Located along Salama Road in Makindye, a Kampala suburb, the centre offers free medical and health services to women and girls but most especially teens and teenage mothers. The centre also conducts research in health related matters.
Born and raised in Nsambya, Makindye Division in Kampala, the 18year old S.6. A vacist is already a celebrated social entrepreneur with greater ambitions. Born in a family of 4, Nakajjigo wasn’t born with a silver spoon in her mouth, but growing up watching the struggles and awful pain women and girls in the country go through shaped her entrepreneurship career. In Kabalagala, she says, it’s ‘Red Light district’ where women and girls as young as 12 years old trade their bodies for a living in what is commonly referred to as transactional sex. “I always felt pain seeing the pain of commercially sexually exploited children and how they were being exposed unwanted pregnancies and sexually transmitted diseases (STDs),” she said in an exclusive interview with Fortune Magazine.

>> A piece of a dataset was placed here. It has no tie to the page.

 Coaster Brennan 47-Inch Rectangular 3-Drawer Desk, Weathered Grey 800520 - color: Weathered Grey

Nakajjigo’s dream is to be one of the leading female stars in the world and she draws her inspiration from the works of late Diana, Princess of Wales, who is remembered by millions of people for championing the most challenging health and humanitarian causes. It is against the background that Nakajjigo named her venture, Princes Dianah Teenage Centre. Nakajjigo’s journey to continue the works of the fallen princess of Wales started two years ago when she had just joined Princess Dianah High School in Munyonyo. While at this school, she got exposed to lots of literature about Diana and ended up falling in love with her works. At this point, she joined Kirunddu Teenage Centre run by a health and humanitarian organization called Child Care and Rescue Programme (CC&RP).

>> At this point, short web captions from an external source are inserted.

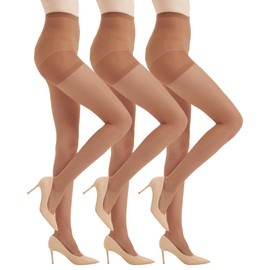 Citystl 3 Pairs Gentle Nude Sheer Tights for Women - 20D Not Rip Control Top Pantyhose with Reinforced Toes, Supple Feel - Resist Tears(Gentle Nude-M)
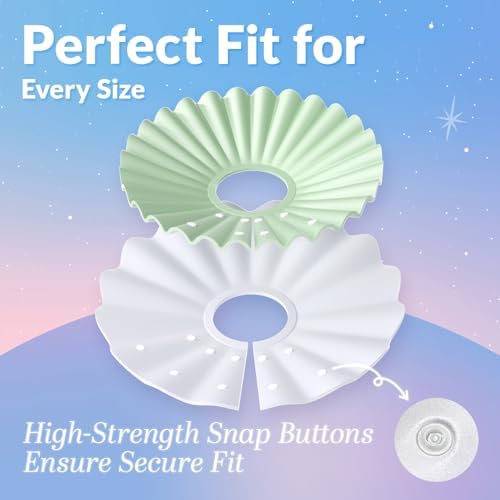 McGill’s Tail Cat Cone Collar Soft, Comfortable Cat Recovery Collar with Royal Ruffled Design, Adjustable Elizabethan Collar for Cats, Water-Resistant EVA Cat Cones After Surgery (Mint Green, M)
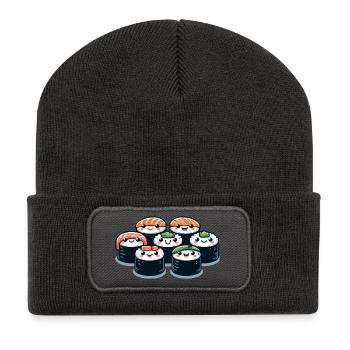 Sushi Squad : Les délices roulants - Beanie recyclé à patch - charbon - Devant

In the course of her search for knowledge, she discovered that it was time for women and girls to stop looking for minor ventures that she says “block the big bright future.” Today, Prince Dianah Teenage Centre has groomed her into a fortunate lady who has a dream of uplifting the social status of women in Uganda.

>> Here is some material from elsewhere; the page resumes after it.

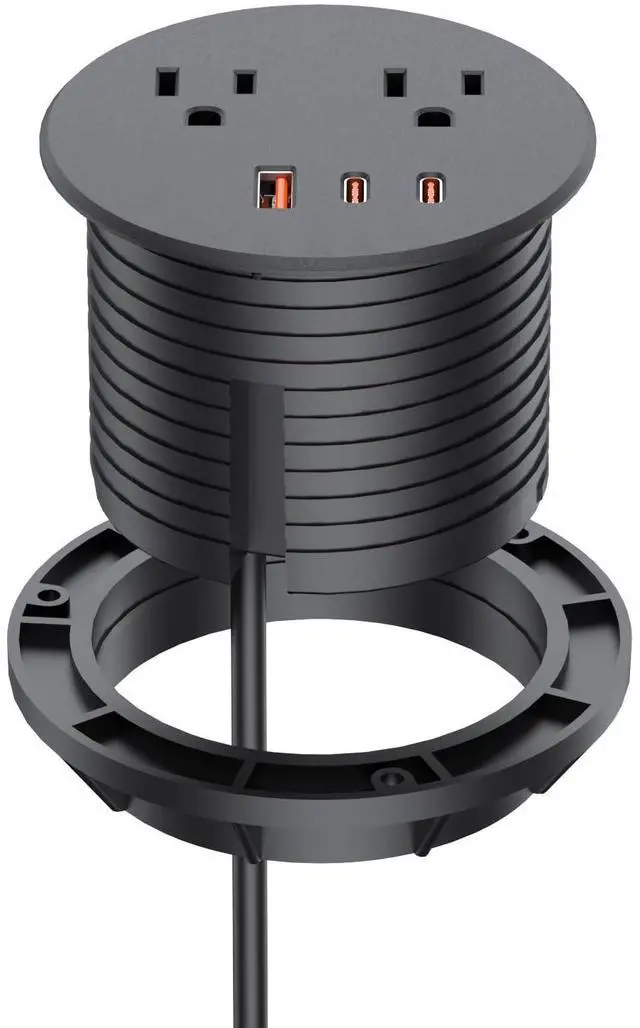 Main image of Desk Power Grommet, Recessed Power Strip with 2 AC Outlets, 2X 65W USB-C & 20W USB-A, 3" Cutout, 6.56FT Cord Ideal for Desks, Counters & Workspaces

Nakajjigo may not have any accolade or award to her name but at just 18, the future is certainly bright. She has been nominated for the 2014 Women Achievers’ Award in Uganda for establishing health centre providing free adolescent friendly services to young people. She was also nominated for her initiative of establishing the first Research Hospital for women and girls in East Africa. She employs 7 professionals at her facility and has taken an extra mile of helping close to 80 teenagers with different complications. Although she is not comfortable revealing the worth of the facility, the services offered and facilities at the centre is enough to tell that it is a heavy investment. To emphasize her social cause, Nakajjigo says, “At times it’s not about how much you invest in an initiative, but the impact it creates to the people. If it’s a business, its relevance must always be highly appreciated than the cost involved in achieving its core values.”
With funding solely coming from Child Care International yet with increasing number of clients, Nakajjigo says she needs more funds to enable her offer extensive services to the suffering women and teenagers in Uganda. Being a teen, Nakajjigo says some people underrate her that she can’t own such a facility yet she searched for the opportunity using her knowledge. “A few people believe I own this facility. I have involved myself into several activities to prove to the world that I am here to strengthen women in Uganda,” she said.
Nakajjigo dreams of being the first women in Eats Africa to establish the first all women and girls hospital worth Shs2.7bn. through this facility she says, she wants teenage pregnancies reduced from 26% to 10% in Uganda.